[Task goal] Below are records with pictures in them. Output exactly the lines from the one with "Prof. Dr. Nevzat" through the one with "CELINE 3315 ASH GREY", both included, and leave every picture out; give only those lines.
(Data shown Opens)
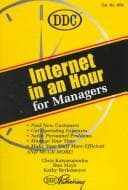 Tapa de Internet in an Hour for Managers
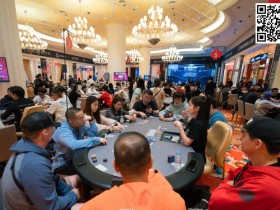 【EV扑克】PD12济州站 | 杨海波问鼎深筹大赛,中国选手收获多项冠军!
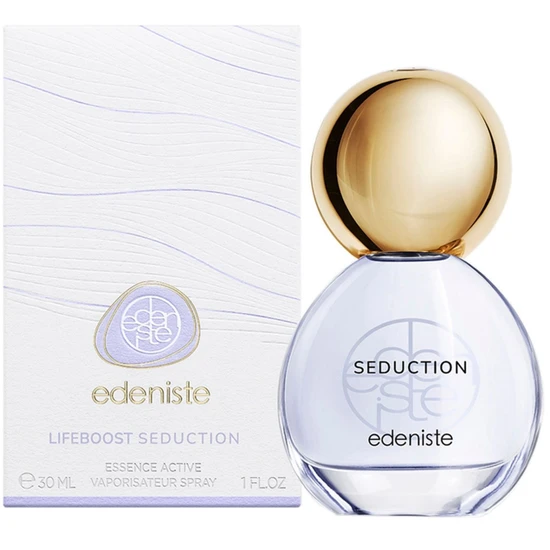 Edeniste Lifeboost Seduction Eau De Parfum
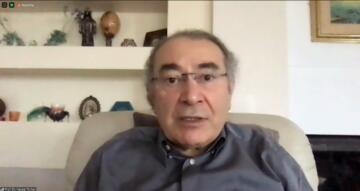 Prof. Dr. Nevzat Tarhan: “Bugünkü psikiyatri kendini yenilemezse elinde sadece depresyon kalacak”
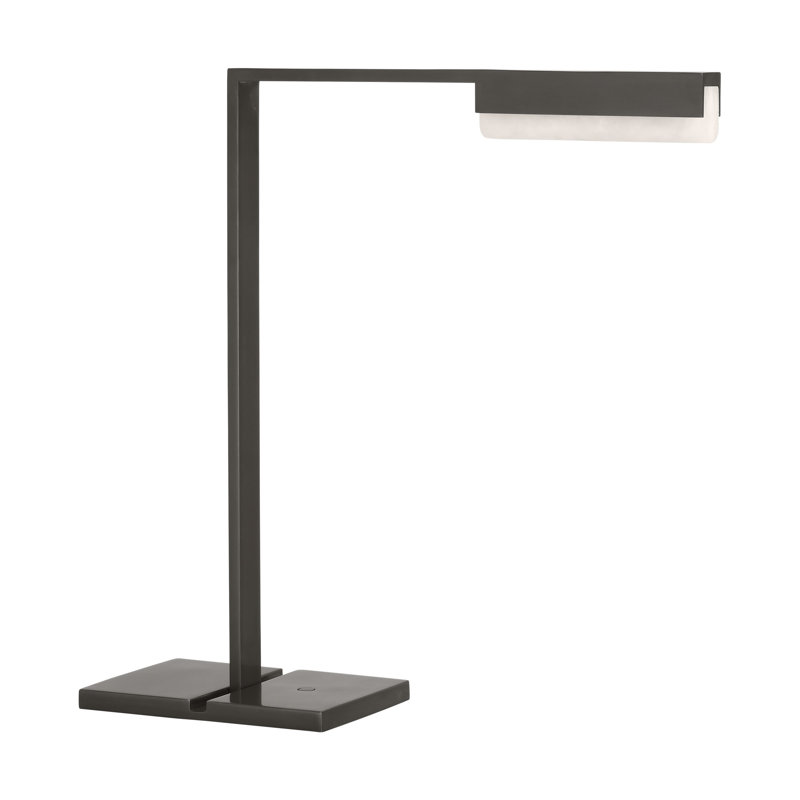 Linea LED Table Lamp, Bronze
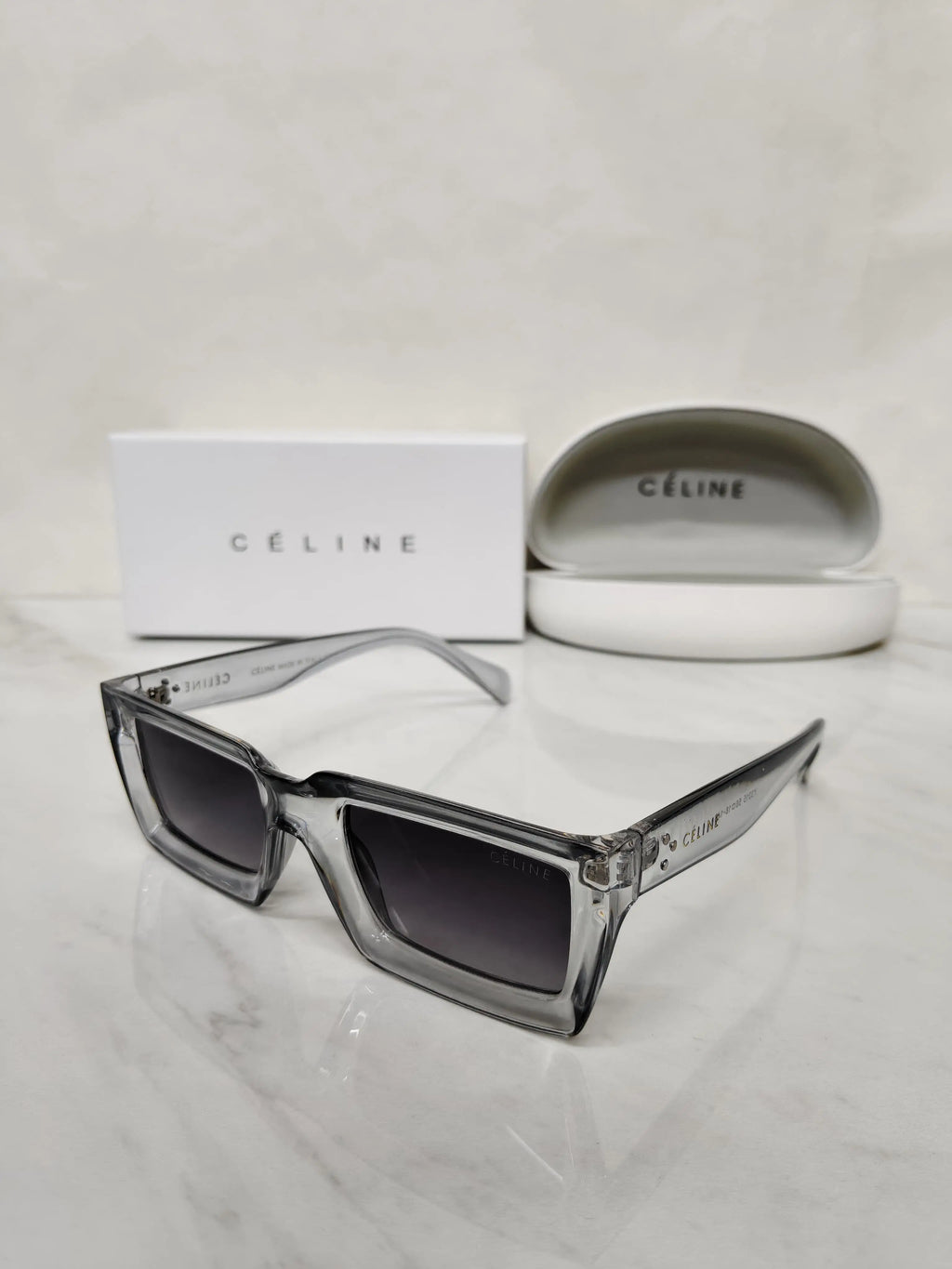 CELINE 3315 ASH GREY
(Data shown Closes)
(Data shown Opens)
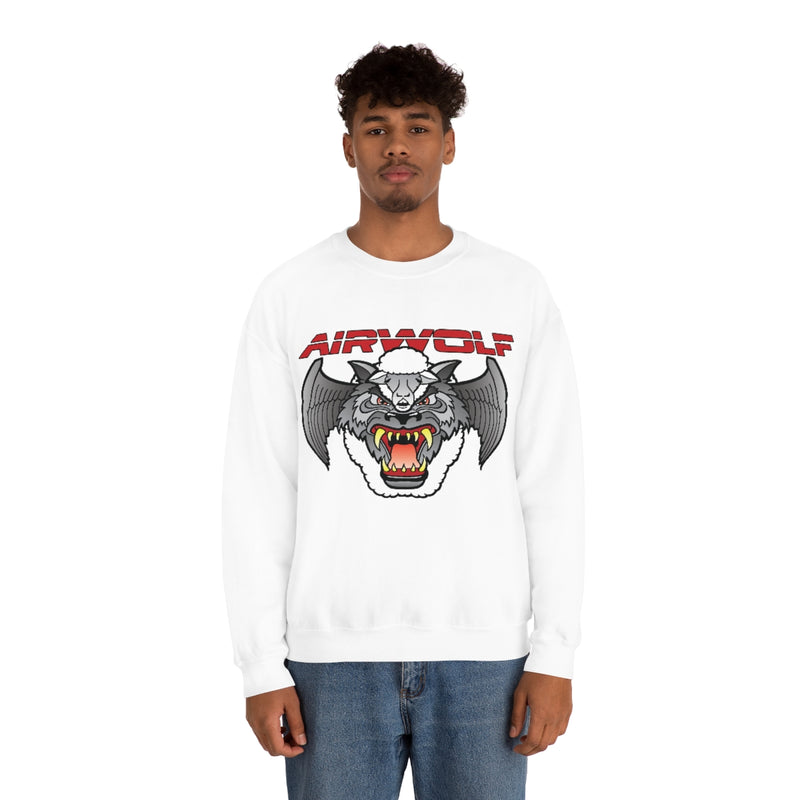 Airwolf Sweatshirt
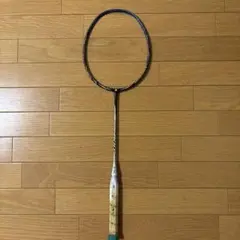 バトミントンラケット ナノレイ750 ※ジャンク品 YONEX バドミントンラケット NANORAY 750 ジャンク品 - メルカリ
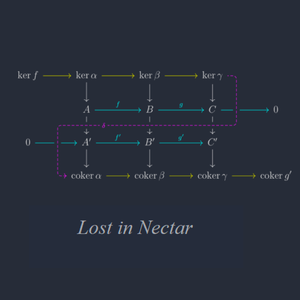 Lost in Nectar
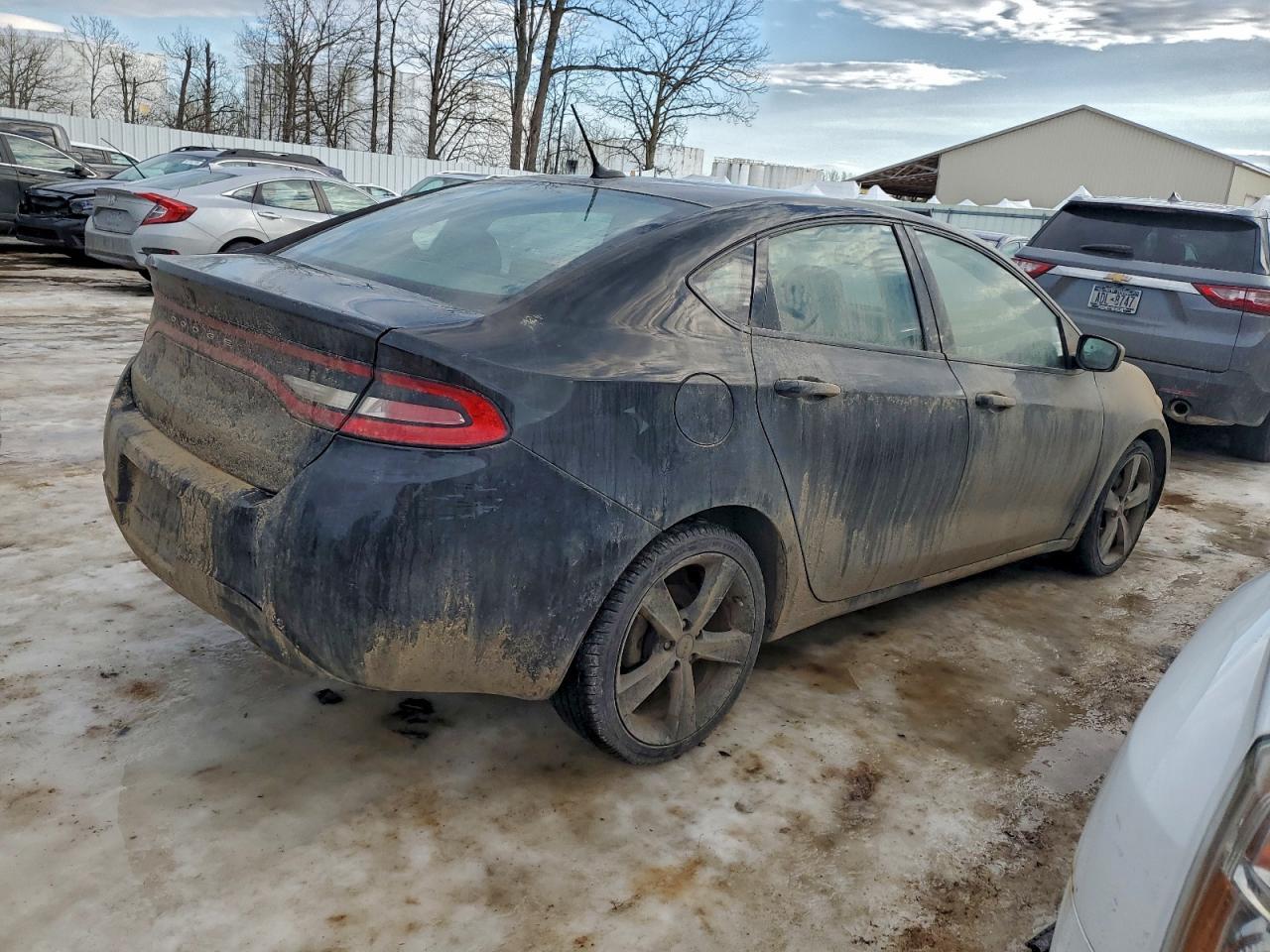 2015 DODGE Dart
(Data shown Closes)
[Answer area]
 Prof. Dr. Nevzat Tarhan: “Bugünkü psikiyatri kendini yenilemezse elinde sadece depresyon kalacak”
 Linea LED Table Lamp, Bronze
 CELINE 3315 ASH GREY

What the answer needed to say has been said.